Comme l’estime la diététicienne Claudia Brassesco citée par l’édition, la science et le temps ont démontré que grâce à certaines de ses caractéristiques une consommation modérée de café était plutôt bénéfique. Elle explique qu’il s’agit notamment de l’amélioration de la sensibilité à l’insuline, du renforcement de l’effet protecteur contre les maladies cardiovasculaires et de l’hypertension, ainsi que de la réduction du risque de développer une cirrhose du foie ou certains cancers.

Mme Brassesco admet pourtant que les bienfaits du café dépendent directement non de sa quantité, mais de sa sorte. Et de souligner que parmi les plus efficaces figurait l’arabica.

Il faut en outre prêter attention, explique-t-elle, au fait que le café moulu peut contenir des ingrédients intrus, ce qui ne veut pas dire qu’il soit déconseillé. Il faut juste accorder une attention au brûlage et opter pour un naturel.

La quantité de café doit être calculée individuellement pour chaque personne et dépend de plusieurs facteurs, dont la qualité du sommeil, le stress, l’état émotionnel et la tolérance de l’organisme.

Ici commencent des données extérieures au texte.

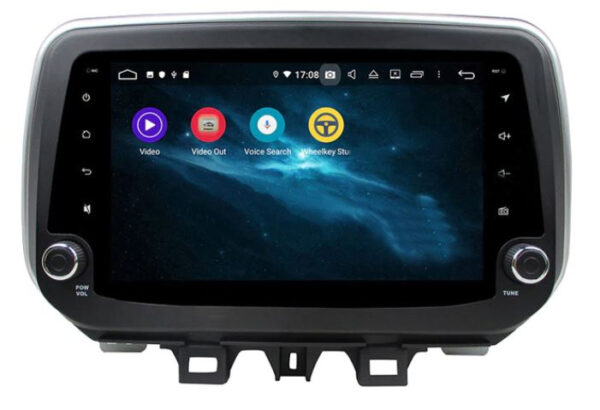 Sistema Multimedia Navisson para Hyundai TUCSON +2018 NV-HY025A10CA 3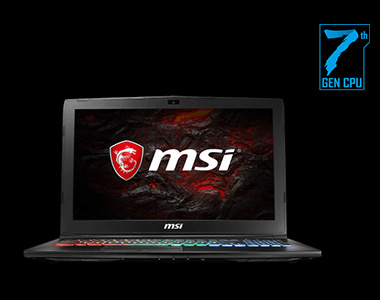 MSI GP Series Laptops
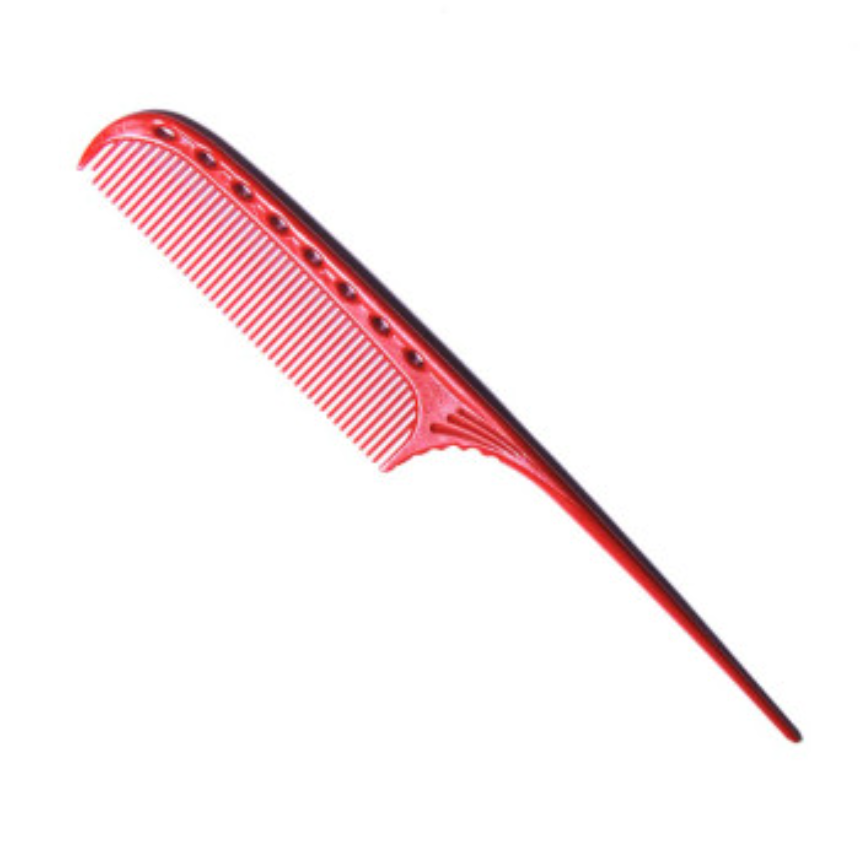 Гребінець з хвостиком Y.S.Park Red 192 мм (YS-105 Red), фото 1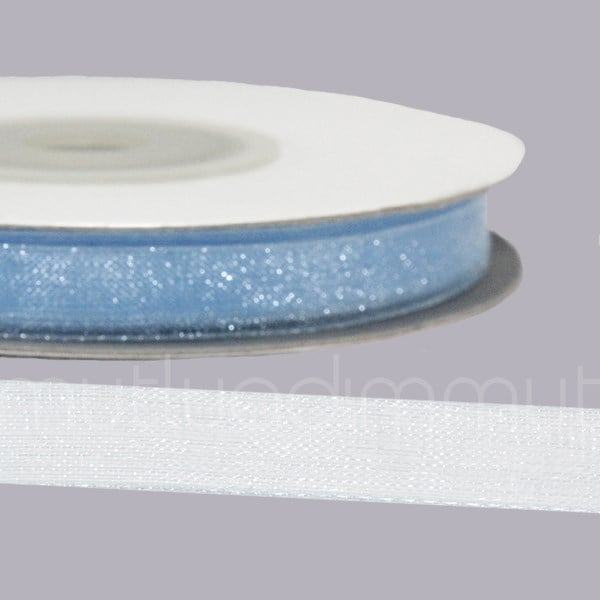 0,8cm X 22,5metre Düz Organze Kurdela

Elle juge comme étant la plus optimale une quantité de 100 à 400 milligrammes de caféine par jour que contiennent en outre le thé, le chocolat chaud ou encore le maté.

Le nutritionniste Aitor Sanchez soutient son approche et souligne que ce n’est pas le café mais ce avec quoi cette boisson est consommée qui porte un préjudice au corps.

« Le plus dangereux dans le café c’est le biscuit, le sucre et la viennoiserie avec lesquels nous le consommons », résume-t-il.